Après avoir réfléchi, Robert reprit :

— Je n’aime pas cette manière de faire qui, entre autres inconvénients, semblerait indiquer de notre côté une certaine incertitude quant au résultat, faiblesse que nos adversaires ne manqueraient pas de faire valoir contre nous. Nous devons agir ici au grand jour. Ni vous ni moi ne devons nous cacher derrière un prête-nom. Vous aurez, du reste, à rendre témoignage, et au cours de votre interrogatoire, vous devrez déclarer quelle part vous prenez à cette œuvre. Quant à moi, ma profession me fait un devoir d’aider à de telles revendications, et même de les provoquer. J’entends, du reste, ne m’engager qu’à bon escient, autant que possible à coup sûr, car l’insuccès nuirait à la cause plus que l’inaction. Dans ces conditions, je pourrai m’associer un jeune confrère et poursuivre les instances en mon propre nom. Si, par malheur, je venais à échouer, la somme que vous m’aurez confiée paiera les frais.

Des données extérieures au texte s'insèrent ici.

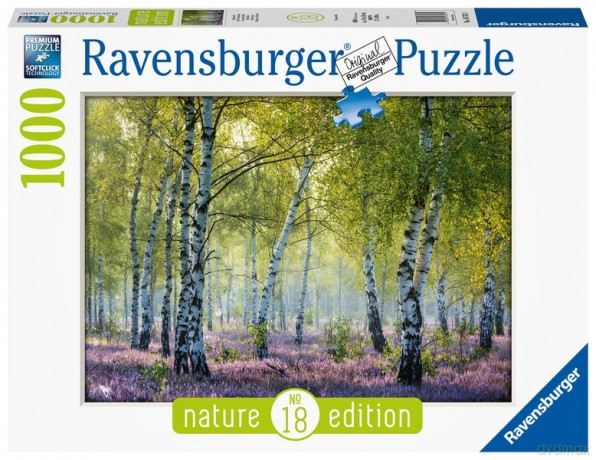 RAVENSBURGER 1000 el. Natura 1 [PUZZLE]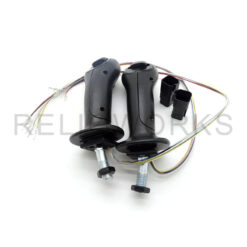 Relioworks Handle Grip 290-7848 – For Caterpillar 303.5CR, 303.5D, 303CR, 304CR, 304D, 305CR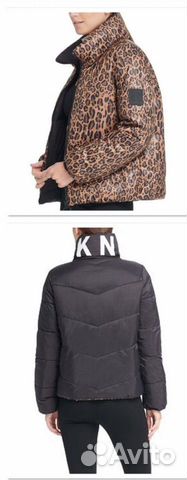Продам оригинальный пуховик Dkny Продам оригинальный пуховик Dkny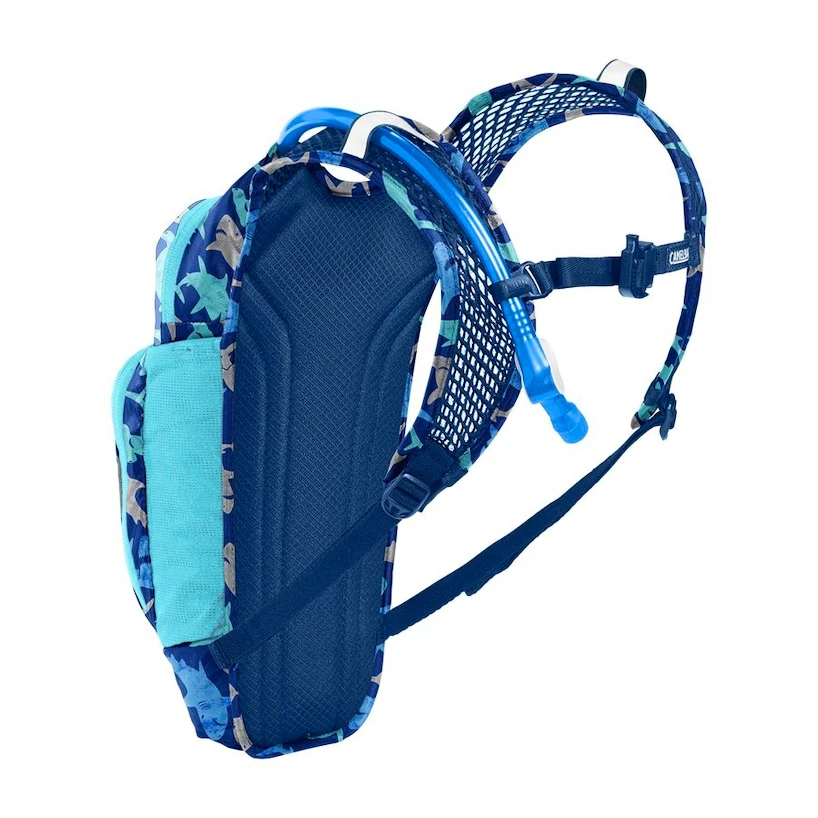 Fietsrugzak Camelbak  Mini MULE Sharks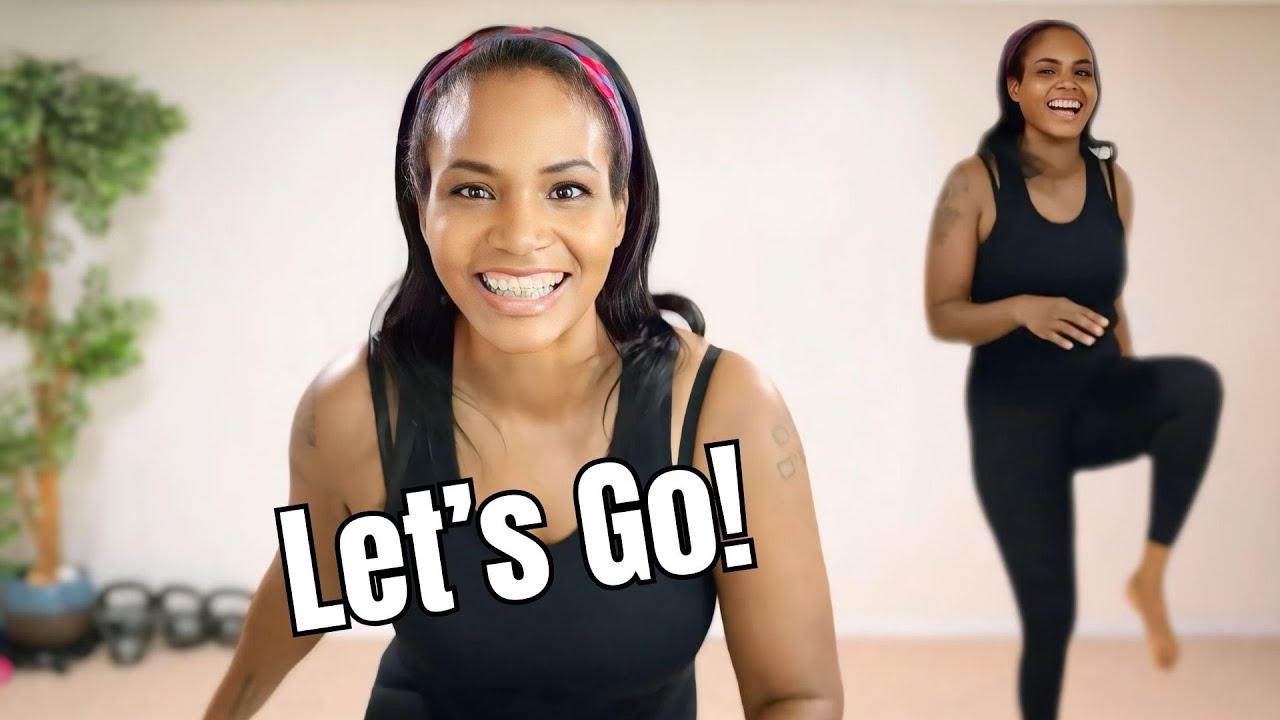 Simple 9 Minute Workout To Melt Fat and Recharge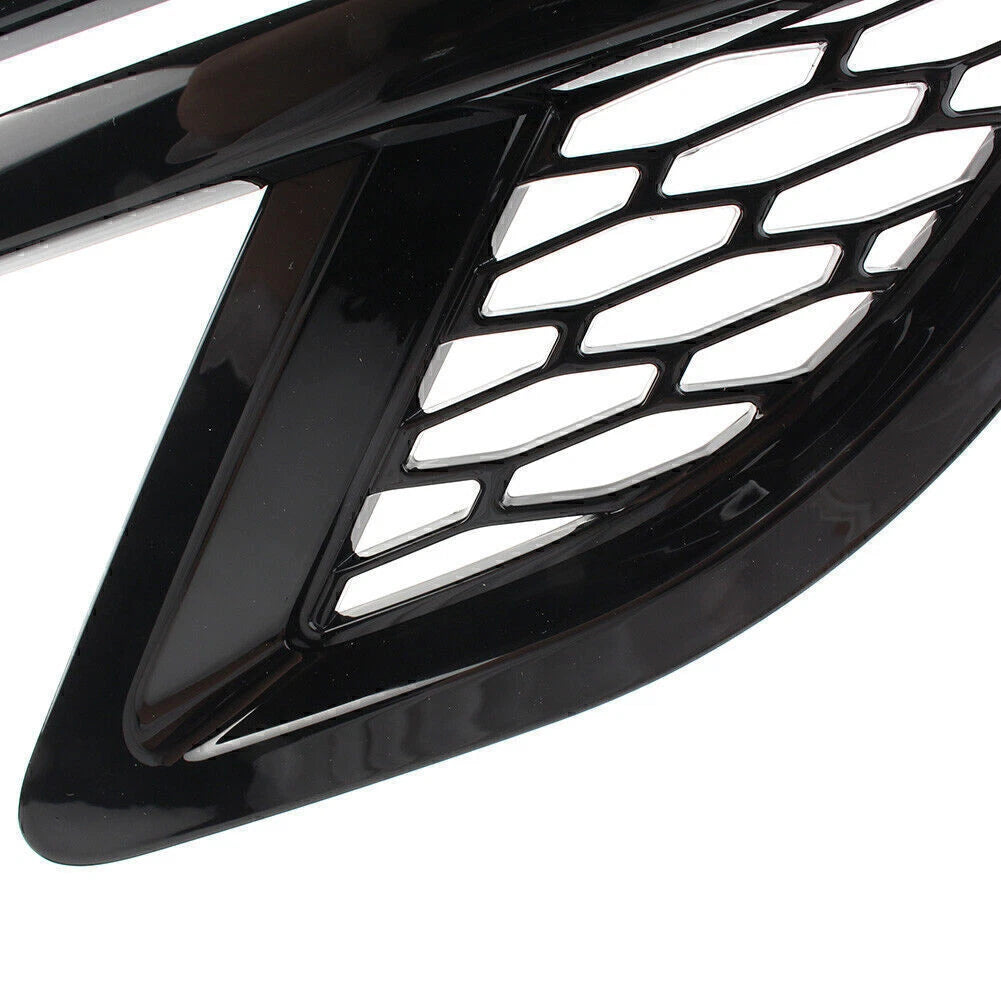 Grille Mesh Vent for Land Rover Range Rover Sport 2014-2017 Black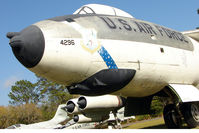 53-4296 @ VPS - On display at the Air Force Armament Museum at Eglin Air Force Base , Fort Walton , Florida - by Terry Fletcher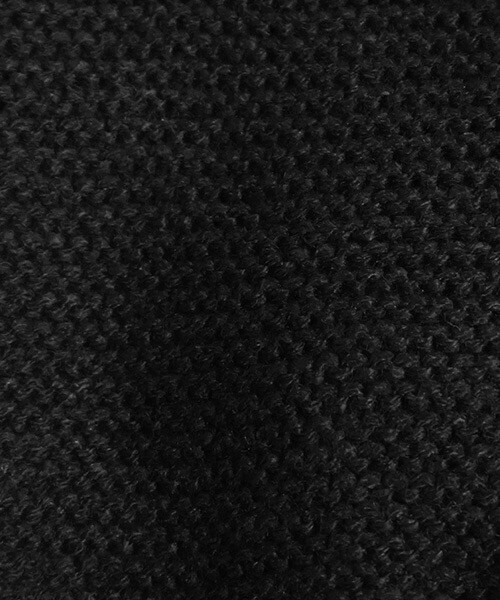 Tiffee SELECT（ティフィーセレクト）の「ボリュームスリーブ ゆったりハイネックニットセーター（ニット/セーター・レディース・マスタード/ネイビー/ブラック・Ｆ）」の6枚目の写真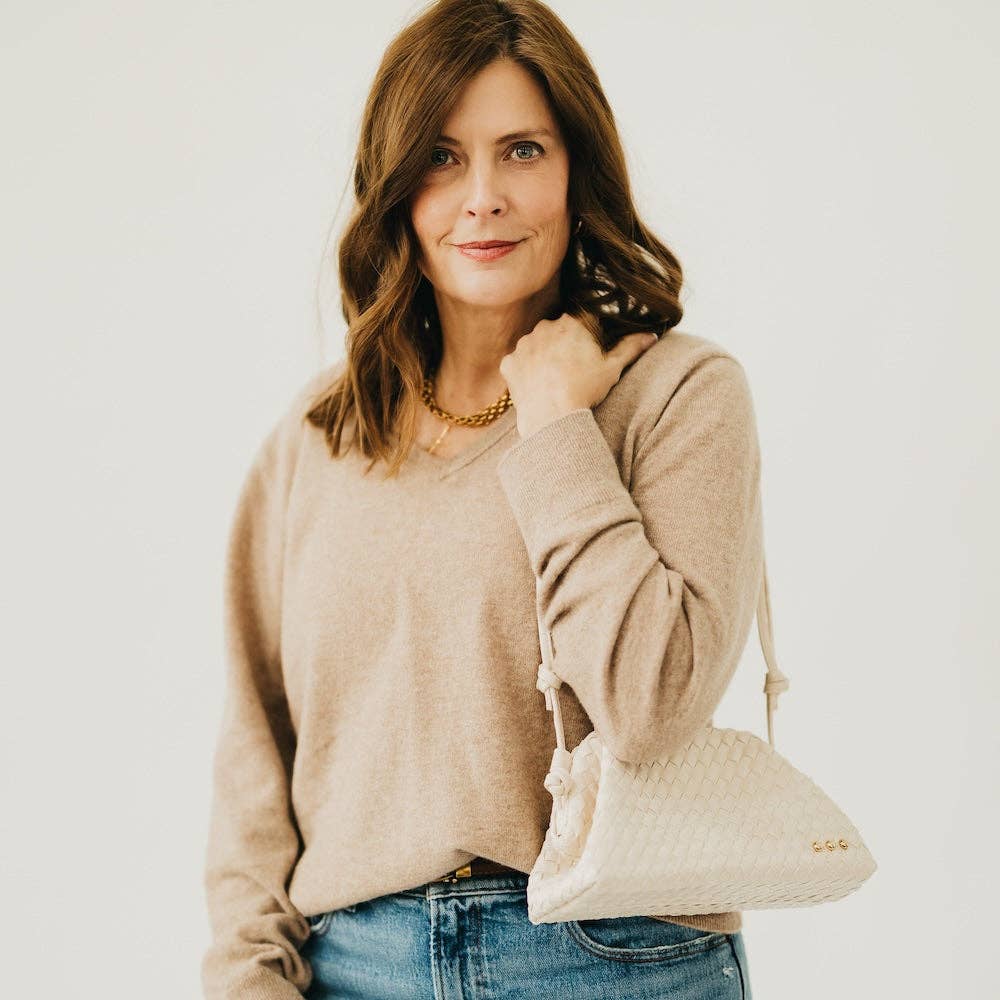 Lacy Crossbody Bag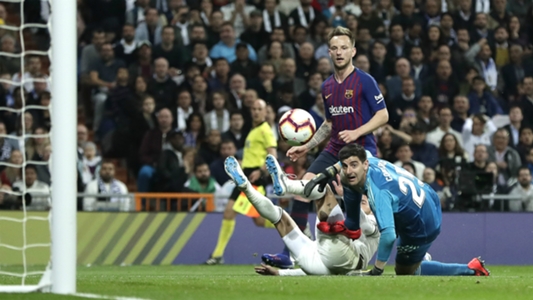 Barcelona Vs Real Madrid Arabic Live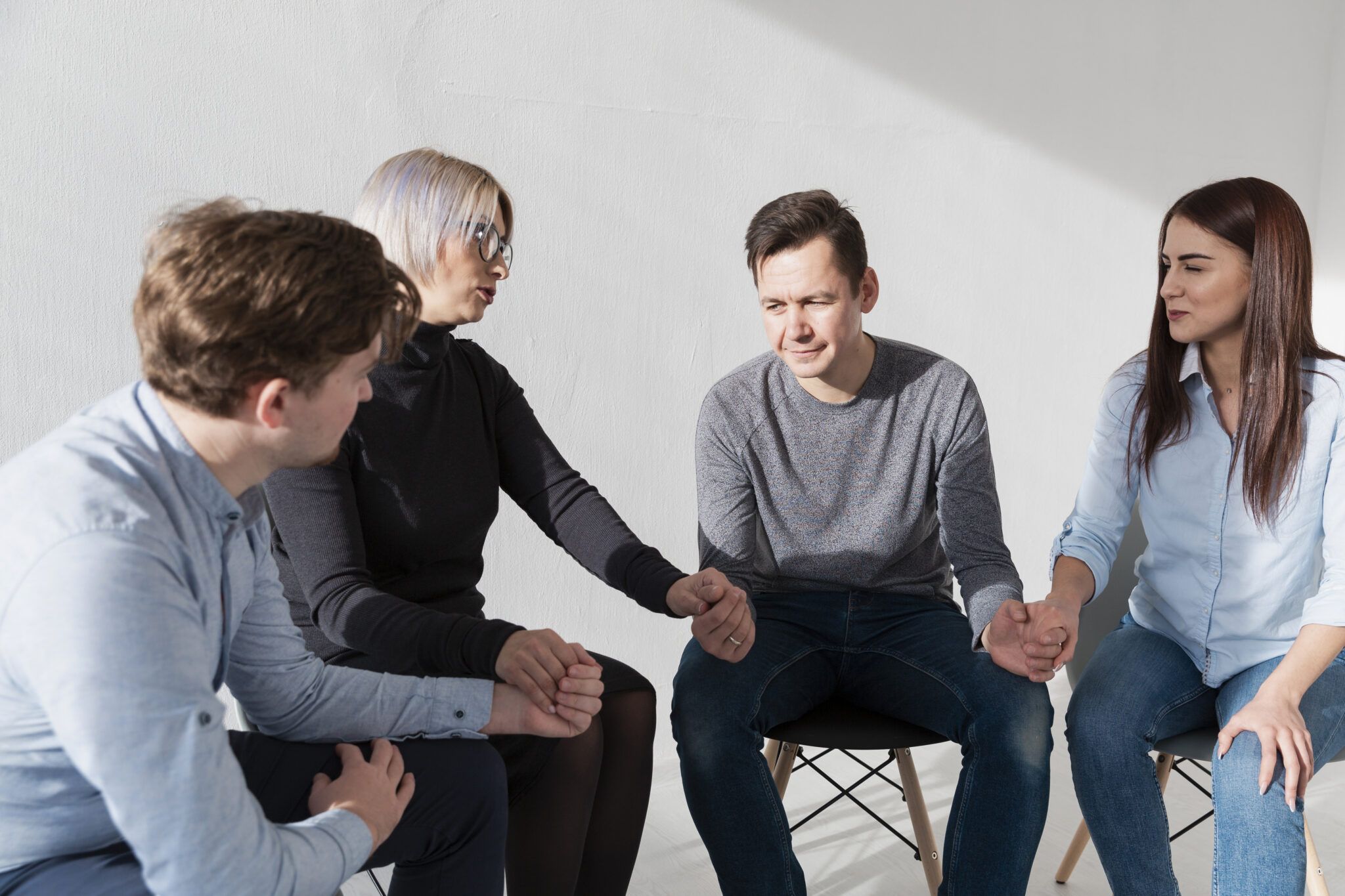 Diferenças entre a terapia Gestalt individual e em grupo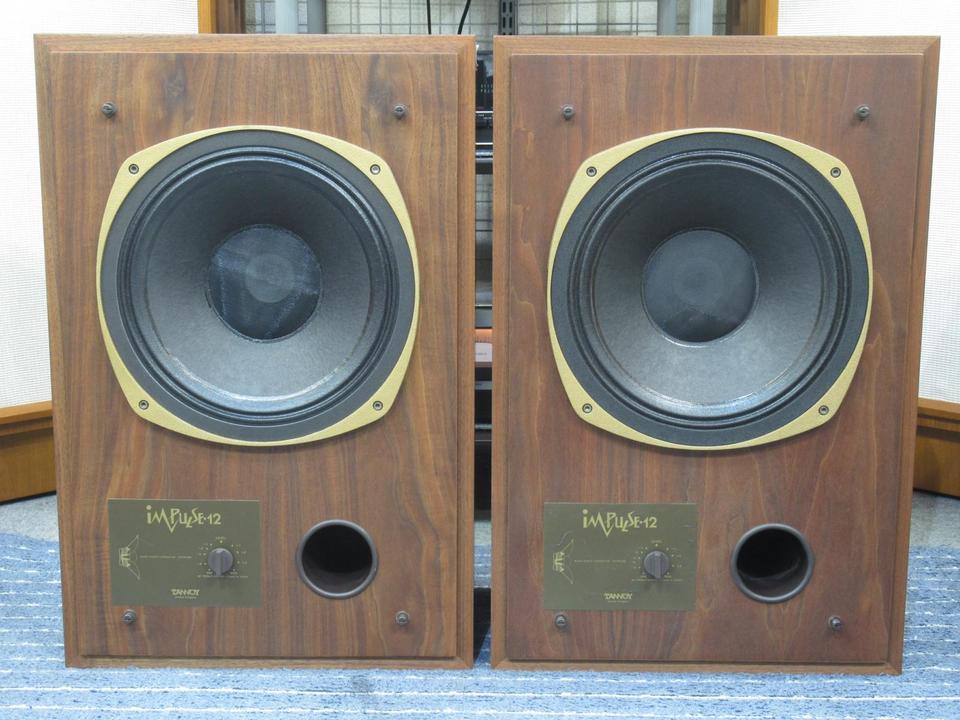 IMPULSE12 TANNOY - HiFi-Do McIntosh/JBL/audio-technica/Jeff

M. Millais lui serra la main avec émotion et voulut lui verser le montant stipulé immédiatement.

— Un instant encore, fit l’avocat. Si j’accepte ce montant, je veux rester libre quant au mode de son emploi. Il me faudra peut-être en distraire une partie pour mes besoins personnels pendant l’instance, car je devrai d’abord faire une enquête qui sera probablement longue, certainement difficile et compliquée. Je devrai prendre le temps qu’il me faudra pour préparer chaque cause. N’oubliez pas non plus que si on nous déboute ici, il nous faudra en appeler de tribunal en tribunal, peut-être jusqu’au Conseil Privé d’Angleterre. Si nous réussissons devant nos tribunaux, nos adversaires en feront autant, n’en doutez pas. Le réformateur marche à la ruine certaine, s’il n’est pas armé de toutes pièces.